* [DIRECTIONS FOR THIS TASK]:
The material below has pictures in it. Set down only the lines from the line containing "If you're looking" through the line containing "Hi, this is", word for word, and leave the pictures behind.

* [INFORMATION SHOWN]:
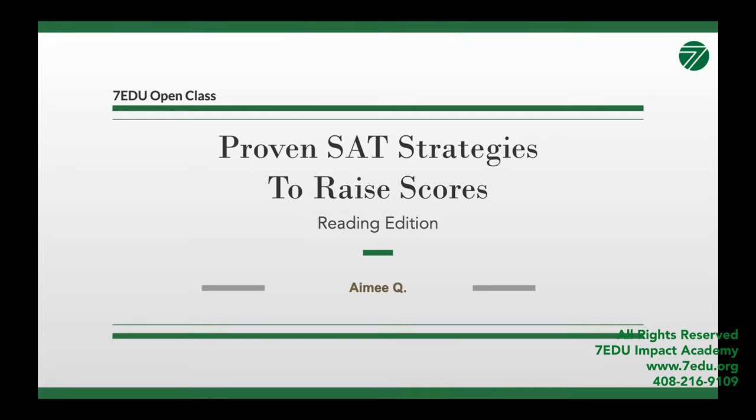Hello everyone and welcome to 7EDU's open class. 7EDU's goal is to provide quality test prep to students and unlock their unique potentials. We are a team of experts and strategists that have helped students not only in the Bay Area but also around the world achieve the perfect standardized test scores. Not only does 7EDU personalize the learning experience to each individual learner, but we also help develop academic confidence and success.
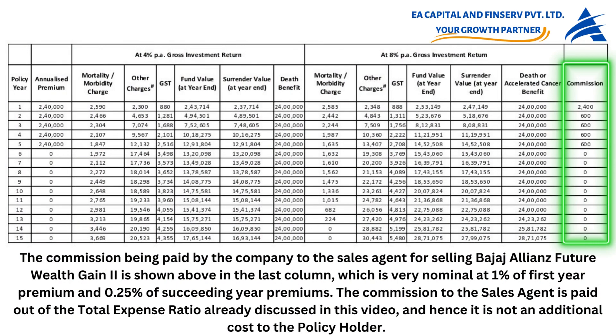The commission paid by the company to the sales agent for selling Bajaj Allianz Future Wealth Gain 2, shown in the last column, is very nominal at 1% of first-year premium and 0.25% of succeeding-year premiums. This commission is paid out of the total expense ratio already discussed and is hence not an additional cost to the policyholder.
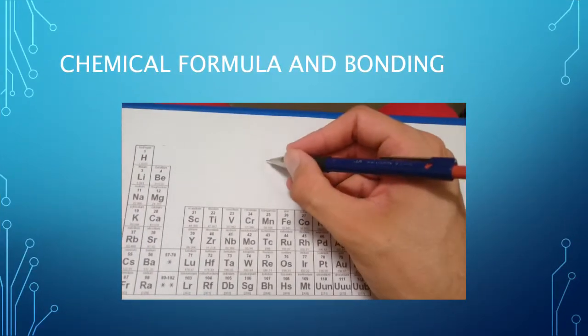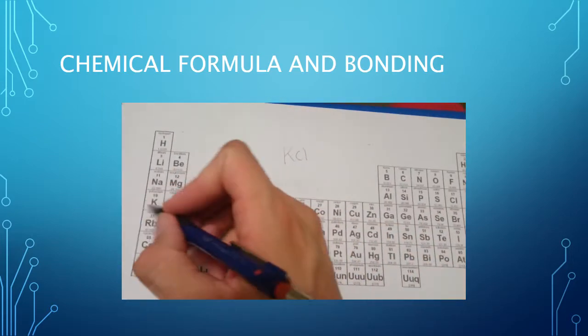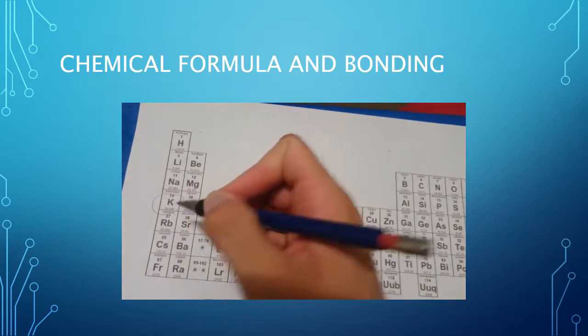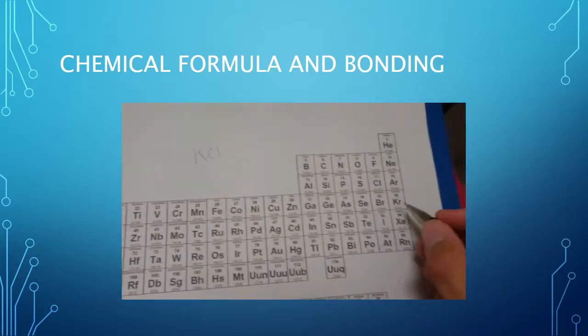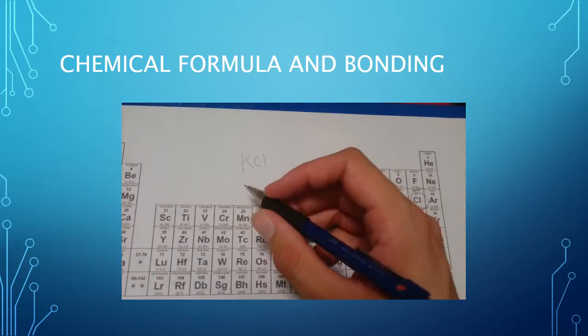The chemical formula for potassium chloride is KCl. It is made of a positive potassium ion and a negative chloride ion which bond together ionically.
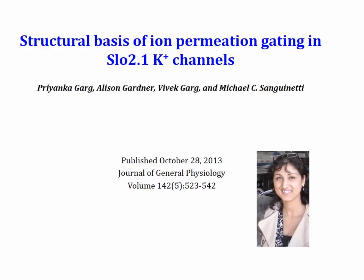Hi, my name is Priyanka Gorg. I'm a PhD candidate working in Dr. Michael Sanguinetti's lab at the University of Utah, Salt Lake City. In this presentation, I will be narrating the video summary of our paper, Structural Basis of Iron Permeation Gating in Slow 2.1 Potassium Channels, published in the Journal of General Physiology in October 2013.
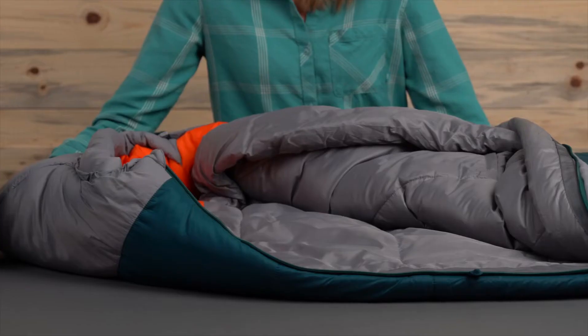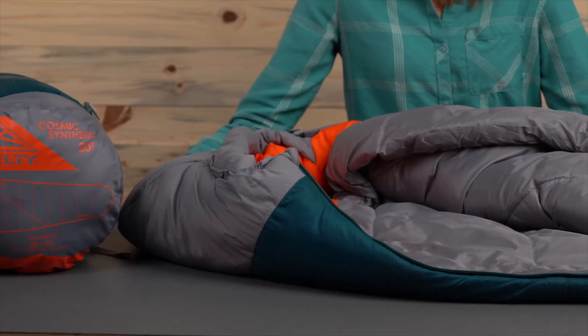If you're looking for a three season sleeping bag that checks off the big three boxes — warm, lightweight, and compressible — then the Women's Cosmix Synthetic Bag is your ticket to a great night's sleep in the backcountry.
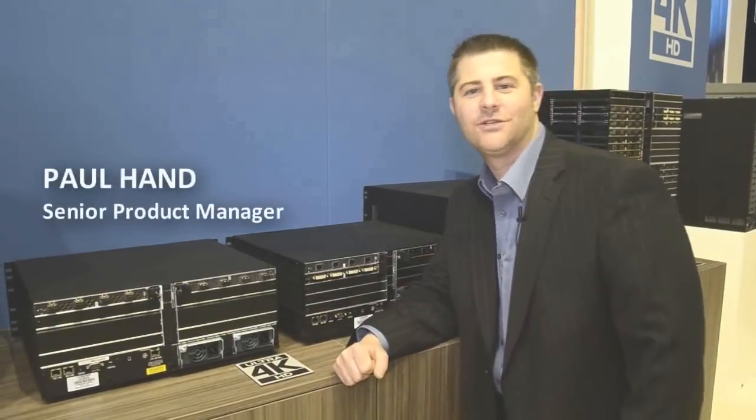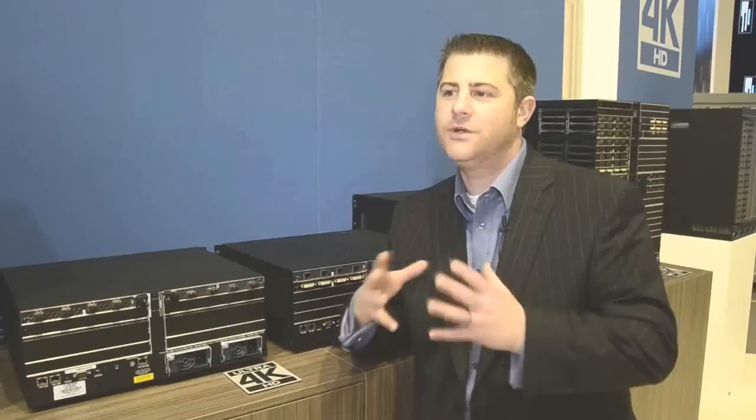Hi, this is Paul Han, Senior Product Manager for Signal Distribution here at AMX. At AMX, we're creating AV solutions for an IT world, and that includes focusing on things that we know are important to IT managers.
...
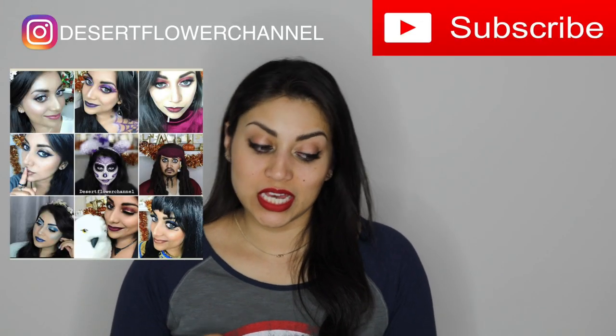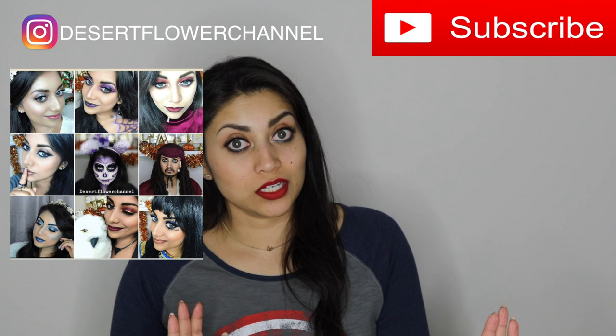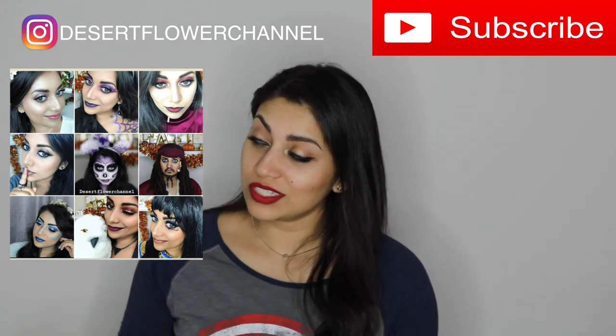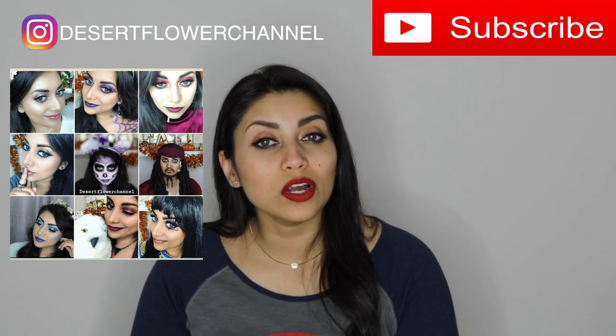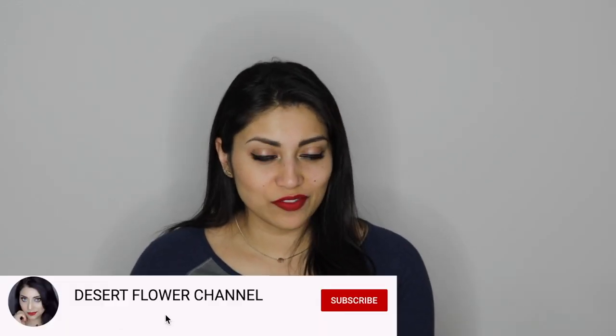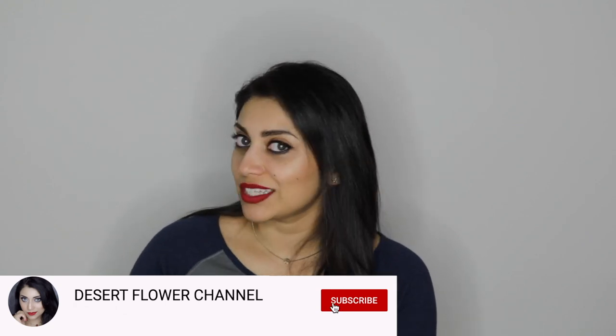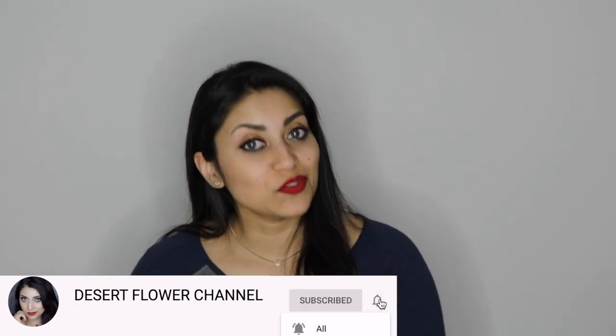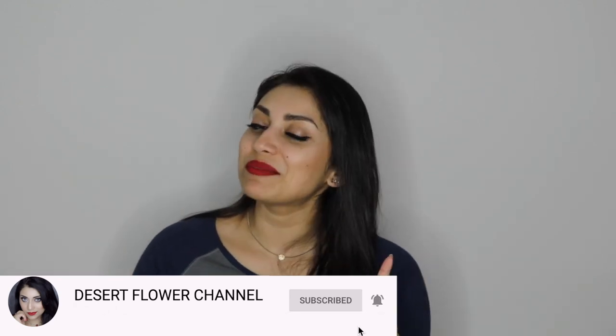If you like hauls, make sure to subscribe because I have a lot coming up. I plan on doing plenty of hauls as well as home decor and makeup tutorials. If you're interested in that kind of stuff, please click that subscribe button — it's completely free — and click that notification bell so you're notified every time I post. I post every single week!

* [SOLUTION TO THIS TASK]:
If you're looking for a three season sleeping bag that checks off the big three boxes — warm, lightweight, and compressible — then the Women's Cosmix Synthetic Bag is your ticket to a great night's sleep in the backcountry.
Hi, this is Paul Han, Senior Product Manager for Signal Distribution here at AMX. At AMX, we're creating AV solutions for an IT world, and that includes focusing on things that we know are important to IT managers.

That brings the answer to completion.